» **DATA EXTRACT**:

▼

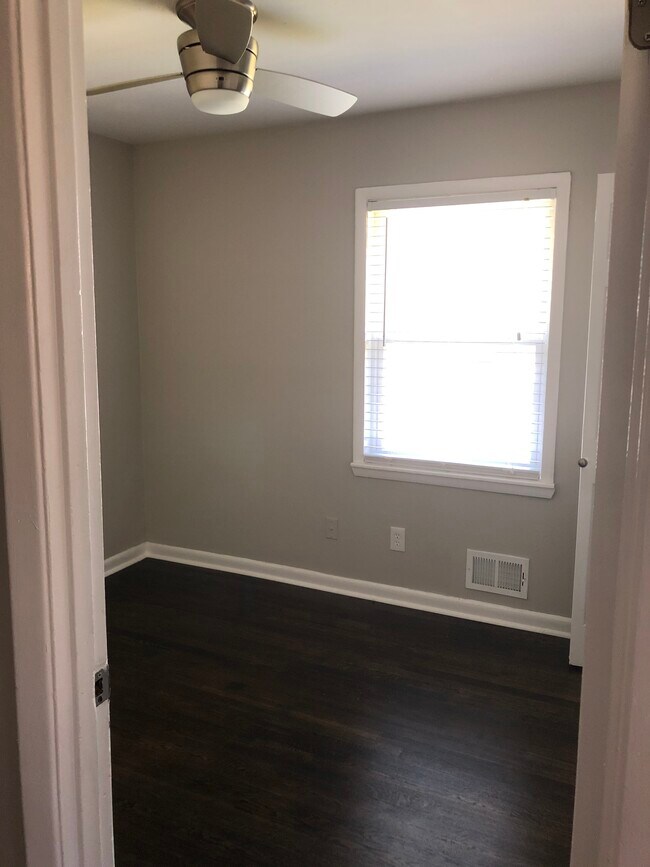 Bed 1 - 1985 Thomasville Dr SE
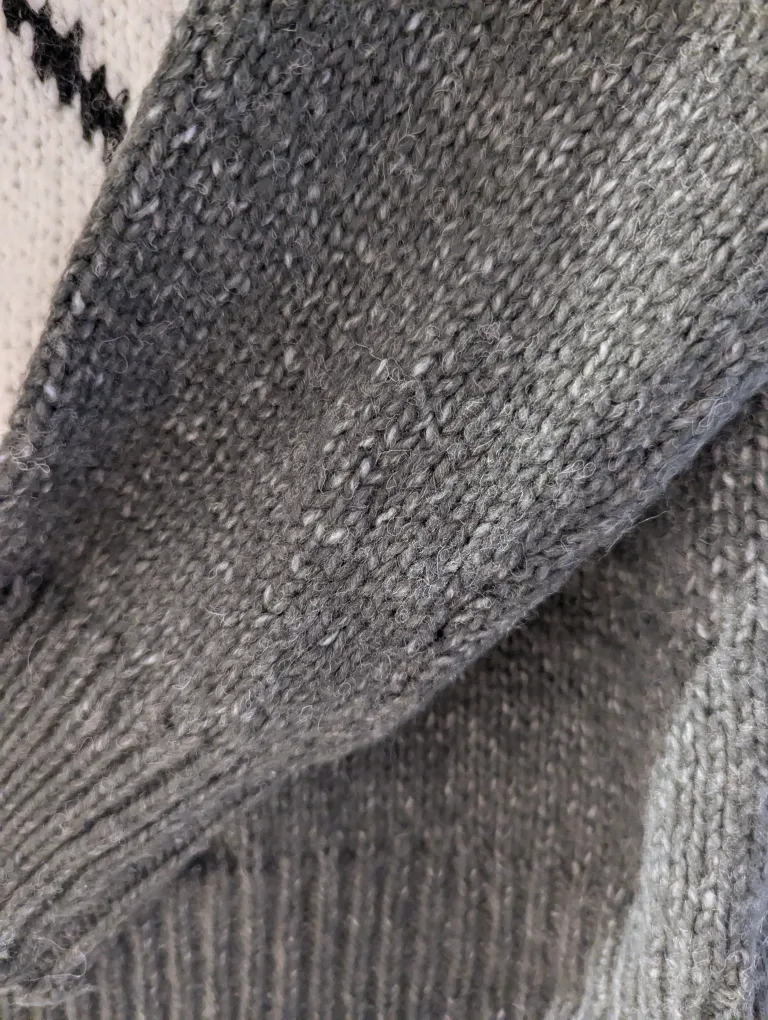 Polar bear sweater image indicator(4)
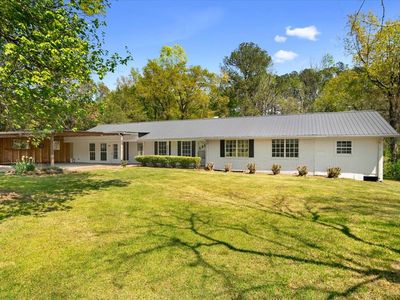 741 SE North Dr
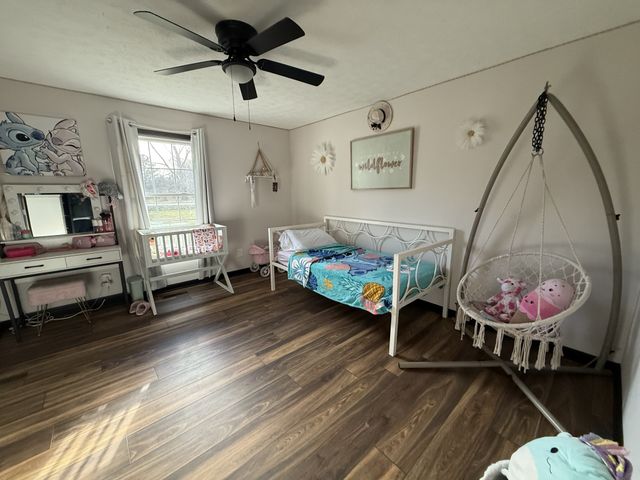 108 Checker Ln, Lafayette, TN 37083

▲

» **TASK REQUIREMENTS**: Extract, word for word, each line from the one that contains "741 SE North Dr" through the final line of the data above. Leave the pictures out.

» **YOUR RESPONSE**:
 741 SE North Dr
 108 Checker Ln, Lafayette, TN 37083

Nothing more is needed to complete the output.